## AVAILABLE DATA:
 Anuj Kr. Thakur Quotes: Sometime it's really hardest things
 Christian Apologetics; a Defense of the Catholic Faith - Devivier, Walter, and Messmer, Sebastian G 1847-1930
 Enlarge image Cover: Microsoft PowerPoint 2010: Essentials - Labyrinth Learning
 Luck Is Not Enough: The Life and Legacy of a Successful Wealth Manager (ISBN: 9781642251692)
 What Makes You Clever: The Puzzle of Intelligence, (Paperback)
==
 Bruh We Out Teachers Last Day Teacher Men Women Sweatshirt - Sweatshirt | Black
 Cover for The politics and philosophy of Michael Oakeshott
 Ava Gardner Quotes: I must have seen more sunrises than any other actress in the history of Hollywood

## YOUR ASSIGNMENT:
Using the listing above, state the number of lines that hold "Quotes", with no other text.

## RESPONSE BOX:
2